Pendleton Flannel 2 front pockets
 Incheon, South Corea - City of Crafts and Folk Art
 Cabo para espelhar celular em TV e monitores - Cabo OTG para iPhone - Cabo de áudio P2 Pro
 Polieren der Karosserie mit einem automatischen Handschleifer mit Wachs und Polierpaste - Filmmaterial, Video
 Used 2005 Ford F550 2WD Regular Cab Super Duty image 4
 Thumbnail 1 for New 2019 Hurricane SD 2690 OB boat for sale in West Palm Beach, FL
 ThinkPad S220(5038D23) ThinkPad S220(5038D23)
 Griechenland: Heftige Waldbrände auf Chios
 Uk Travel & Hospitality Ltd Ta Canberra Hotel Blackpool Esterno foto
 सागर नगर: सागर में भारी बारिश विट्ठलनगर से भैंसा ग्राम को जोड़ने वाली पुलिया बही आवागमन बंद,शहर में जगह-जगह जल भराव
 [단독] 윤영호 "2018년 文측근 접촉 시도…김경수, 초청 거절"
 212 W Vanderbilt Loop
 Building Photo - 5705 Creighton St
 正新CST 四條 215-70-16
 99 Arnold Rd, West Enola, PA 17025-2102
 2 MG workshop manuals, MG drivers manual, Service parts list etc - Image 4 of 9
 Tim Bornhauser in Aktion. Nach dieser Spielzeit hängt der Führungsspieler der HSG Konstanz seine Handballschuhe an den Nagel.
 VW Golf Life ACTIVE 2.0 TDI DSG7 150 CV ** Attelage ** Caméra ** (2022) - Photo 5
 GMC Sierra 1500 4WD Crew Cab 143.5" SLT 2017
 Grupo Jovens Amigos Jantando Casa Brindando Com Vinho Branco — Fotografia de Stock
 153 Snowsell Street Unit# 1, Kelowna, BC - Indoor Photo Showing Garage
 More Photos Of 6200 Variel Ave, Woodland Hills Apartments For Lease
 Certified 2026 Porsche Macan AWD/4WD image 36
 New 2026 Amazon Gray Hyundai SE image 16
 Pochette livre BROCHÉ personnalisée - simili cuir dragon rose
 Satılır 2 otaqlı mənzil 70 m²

◆ Task statement:
Retype, in the same exact form, the lines of the material above from the line holding "Incheon, South Corea" through the line holding "Griechenland: Heftige Waldbrände auf Chios".

◆ Solution:
 Incheon, South Corea - City of Crafts and Folk Art
 Cabo para espelhar celular em TV e monitores - Cabo OTG para iPhone - Cabo de áudio P2 Pro
 Polieren der Karosserie mit einem automatischen Handschleifer mit Wachs und Polierpaste - Filmmaterial, Video
 Used 2005 Ford F550 2WD Regular Cab Super Duty image 4
 Thumbnail 1 for New 2019 Hurricane SD 2690 OB boat for sale in West Palm Beach, FL
 ThinkPad S220(5038D23) ThinkPad S220(5038D23)
 Griechenland: Heftige Waldbrände auf Chios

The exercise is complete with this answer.